Por último un turismo rural inmoderado, que sin querer ha ido fomentando los desplazamientos de un tipo de viajero depredador, escasamente interesado en los modelos culturales que visita, está defendiendo la cantidad frente a la calidad. Las estadísticas, casi siempre engañosas, hablan de números cada vez más elevados de turistas, sin especificar si comprendieron mínimamente lo que venían a ver o si fuimos capaces nosotros de convencerlos de su importancia en medio de tanta incuria y de tanta construcción inadecuada que revela el secular menosprecio por lo propio. Vivir en el medio rural y trabajar en él proporciona tantos ejemplos de esa insensibilidad que uno llega a aborrecer el camino que generó semejante despropósito y que ahora se recorre cotidianamente.
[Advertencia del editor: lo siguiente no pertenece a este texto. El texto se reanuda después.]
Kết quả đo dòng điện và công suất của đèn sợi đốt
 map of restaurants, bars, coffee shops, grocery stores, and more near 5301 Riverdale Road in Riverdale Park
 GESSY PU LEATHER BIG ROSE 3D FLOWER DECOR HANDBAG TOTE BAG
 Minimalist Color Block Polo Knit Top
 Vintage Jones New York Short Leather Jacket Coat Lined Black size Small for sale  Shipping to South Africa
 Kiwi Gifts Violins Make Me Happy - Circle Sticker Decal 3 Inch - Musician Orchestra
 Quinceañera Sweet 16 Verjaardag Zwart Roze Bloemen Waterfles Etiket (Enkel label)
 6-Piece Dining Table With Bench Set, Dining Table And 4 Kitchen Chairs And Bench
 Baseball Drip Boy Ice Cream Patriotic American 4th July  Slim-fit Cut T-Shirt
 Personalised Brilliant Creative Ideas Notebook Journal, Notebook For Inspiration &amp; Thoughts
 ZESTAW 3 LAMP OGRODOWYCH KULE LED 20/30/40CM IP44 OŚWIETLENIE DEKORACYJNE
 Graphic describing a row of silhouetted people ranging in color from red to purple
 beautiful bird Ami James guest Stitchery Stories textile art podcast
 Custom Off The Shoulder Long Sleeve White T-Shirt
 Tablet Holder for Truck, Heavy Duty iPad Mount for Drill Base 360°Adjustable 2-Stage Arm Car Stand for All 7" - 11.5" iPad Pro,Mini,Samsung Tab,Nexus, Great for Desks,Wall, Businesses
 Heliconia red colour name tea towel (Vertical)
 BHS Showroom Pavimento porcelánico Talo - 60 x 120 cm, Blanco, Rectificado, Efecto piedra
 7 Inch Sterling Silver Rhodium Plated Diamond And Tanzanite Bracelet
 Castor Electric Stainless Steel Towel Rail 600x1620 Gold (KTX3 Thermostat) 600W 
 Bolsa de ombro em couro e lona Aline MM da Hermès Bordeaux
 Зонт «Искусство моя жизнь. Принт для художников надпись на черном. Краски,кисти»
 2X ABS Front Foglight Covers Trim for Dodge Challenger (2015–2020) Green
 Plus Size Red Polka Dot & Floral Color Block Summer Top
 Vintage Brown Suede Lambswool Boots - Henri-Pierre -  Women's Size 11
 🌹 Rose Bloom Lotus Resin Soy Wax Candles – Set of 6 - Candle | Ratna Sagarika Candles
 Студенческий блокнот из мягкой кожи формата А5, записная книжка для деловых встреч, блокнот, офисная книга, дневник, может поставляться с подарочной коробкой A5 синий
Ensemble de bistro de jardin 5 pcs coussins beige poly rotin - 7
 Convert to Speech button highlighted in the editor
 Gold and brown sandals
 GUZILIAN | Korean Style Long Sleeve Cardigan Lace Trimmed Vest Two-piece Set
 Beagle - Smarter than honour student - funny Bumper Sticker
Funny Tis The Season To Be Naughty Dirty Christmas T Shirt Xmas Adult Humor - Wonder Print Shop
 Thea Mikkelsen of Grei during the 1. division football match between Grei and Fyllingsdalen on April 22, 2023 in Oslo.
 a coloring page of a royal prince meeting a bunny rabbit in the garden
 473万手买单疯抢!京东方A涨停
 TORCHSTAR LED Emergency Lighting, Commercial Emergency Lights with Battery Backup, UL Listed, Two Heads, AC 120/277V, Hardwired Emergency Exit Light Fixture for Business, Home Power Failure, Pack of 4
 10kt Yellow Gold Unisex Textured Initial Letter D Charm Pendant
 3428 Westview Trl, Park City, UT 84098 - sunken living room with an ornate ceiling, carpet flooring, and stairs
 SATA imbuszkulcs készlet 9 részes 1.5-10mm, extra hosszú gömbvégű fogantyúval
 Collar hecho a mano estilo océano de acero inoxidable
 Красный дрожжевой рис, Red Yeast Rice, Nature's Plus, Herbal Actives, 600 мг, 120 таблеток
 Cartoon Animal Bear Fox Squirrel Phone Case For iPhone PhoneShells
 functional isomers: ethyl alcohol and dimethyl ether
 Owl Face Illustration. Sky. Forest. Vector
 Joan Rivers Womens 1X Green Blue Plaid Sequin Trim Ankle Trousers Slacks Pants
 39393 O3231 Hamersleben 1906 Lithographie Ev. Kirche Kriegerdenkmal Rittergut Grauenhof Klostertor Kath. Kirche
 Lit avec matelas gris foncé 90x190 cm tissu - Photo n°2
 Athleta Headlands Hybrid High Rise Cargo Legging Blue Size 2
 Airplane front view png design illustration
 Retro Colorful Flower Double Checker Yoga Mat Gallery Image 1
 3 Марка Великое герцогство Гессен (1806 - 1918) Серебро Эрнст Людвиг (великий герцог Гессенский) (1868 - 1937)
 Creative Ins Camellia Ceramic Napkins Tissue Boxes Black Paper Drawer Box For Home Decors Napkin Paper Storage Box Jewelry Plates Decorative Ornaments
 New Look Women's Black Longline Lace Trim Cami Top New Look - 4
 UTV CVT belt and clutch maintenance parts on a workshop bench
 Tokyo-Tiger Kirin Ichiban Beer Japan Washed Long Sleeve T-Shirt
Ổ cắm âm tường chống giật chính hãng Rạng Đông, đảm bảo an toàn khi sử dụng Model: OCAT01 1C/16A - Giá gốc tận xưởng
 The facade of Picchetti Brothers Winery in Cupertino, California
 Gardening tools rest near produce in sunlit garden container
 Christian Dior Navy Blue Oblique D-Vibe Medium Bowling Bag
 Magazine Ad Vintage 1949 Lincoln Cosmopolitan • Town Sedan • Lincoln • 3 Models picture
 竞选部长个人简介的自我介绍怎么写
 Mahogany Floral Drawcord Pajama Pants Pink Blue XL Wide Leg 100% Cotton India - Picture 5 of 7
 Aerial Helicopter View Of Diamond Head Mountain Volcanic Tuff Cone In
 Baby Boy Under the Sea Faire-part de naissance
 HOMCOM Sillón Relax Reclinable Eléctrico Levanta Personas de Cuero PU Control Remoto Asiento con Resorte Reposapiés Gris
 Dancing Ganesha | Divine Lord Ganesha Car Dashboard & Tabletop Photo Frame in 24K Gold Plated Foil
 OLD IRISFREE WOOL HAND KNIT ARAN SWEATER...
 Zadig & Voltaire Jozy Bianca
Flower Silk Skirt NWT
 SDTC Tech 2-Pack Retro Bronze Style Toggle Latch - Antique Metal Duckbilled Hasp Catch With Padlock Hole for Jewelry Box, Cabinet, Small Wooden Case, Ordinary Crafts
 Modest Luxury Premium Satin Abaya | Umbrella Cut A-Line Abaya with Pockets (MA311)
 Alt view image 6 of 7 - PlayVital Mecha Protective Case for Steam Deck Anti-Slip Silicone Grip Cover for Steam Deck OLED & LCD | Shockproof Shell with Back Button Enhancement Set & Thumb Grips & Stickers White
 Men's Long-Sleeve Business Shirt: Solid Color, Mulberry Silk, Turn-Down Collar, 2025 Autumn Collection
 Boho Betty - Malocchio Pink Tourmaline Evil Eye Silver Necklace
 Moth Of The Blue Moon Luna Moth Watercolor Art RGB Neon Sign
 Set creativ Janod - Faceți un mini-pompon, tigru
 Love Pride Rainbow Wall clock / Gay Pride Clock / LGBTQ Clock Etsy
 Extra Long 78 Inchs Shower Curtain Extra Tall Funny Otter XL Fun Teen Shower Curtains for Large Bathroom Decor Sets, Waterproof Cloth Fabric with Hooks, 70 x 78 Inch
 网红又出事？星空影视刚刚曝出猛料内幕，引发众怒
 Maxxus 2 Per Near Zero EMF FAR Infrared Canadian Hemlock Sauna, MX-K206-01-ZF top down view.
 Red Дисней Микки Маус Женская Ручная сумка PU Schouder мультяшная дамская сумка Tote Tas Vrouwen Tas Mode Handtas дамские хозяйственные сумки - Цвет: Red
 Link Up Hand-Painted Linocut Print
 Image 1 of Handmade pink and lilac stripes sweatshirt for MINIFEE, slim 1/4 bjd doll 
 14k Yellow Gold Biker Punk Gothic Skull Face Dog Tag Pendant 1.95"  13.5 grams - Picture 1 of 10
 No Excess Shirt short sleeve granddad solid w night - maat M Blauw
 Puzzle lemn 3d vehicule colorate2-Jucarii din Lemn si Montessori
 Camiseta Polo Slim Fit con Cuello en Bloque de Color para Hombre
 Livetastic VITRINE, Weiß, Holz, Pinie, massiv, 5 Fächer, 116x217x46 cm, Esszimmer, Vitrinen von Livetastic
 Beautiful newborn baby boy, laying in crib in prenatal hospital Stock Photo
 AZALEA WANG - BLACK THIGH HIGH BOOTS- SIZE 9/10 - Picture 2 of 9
En eso sí que diferimos de la mayor parte de los países europeos que, casi con las mismas leyes, han sido capaces por lo general de armonizar progreso con respeto al entorno, a la arquitectura popular y al paisaje.
Quisiera concluir diciendo que en esa lucha por conseguir que las subvenciones y ayudas tengan el fin más adecuado y eficaz, detectamos una preocupante falta de ilusión (consecuencia, entre otras cosas, de los dilatados plazos en que se hacen efectivas) y, muy frecuentemente, una ausencia de criterio. El futuro de cualquier tipo de reanimación social y económica del medio rural pasa por creer en lo que se está haciendo y no considerarlo una mera coyuntura. Pasa también por tratar de aunar, sin perjuicio para ninguna de las partes, las iniciativas tradicionales –las agropecuarias- con las de nueva implantación –culturales y de servicios- cuya activación no debe condicionar nunca el verdadero sentido de la existencia rural, que es el equilibrio entre el individuo y el entorno.
Tampoco quisiera dar una idea excesivamente pesimista de nuestro trabajo. Porque confiamos precisamente en las posibilidades de un ámbito con tanta riqueza humana, monumental y de recursos, estamos decididos a generar ideas, a desarrollar la capacidad para transmitirlas y a buscar los medios para convertirlas en realidad.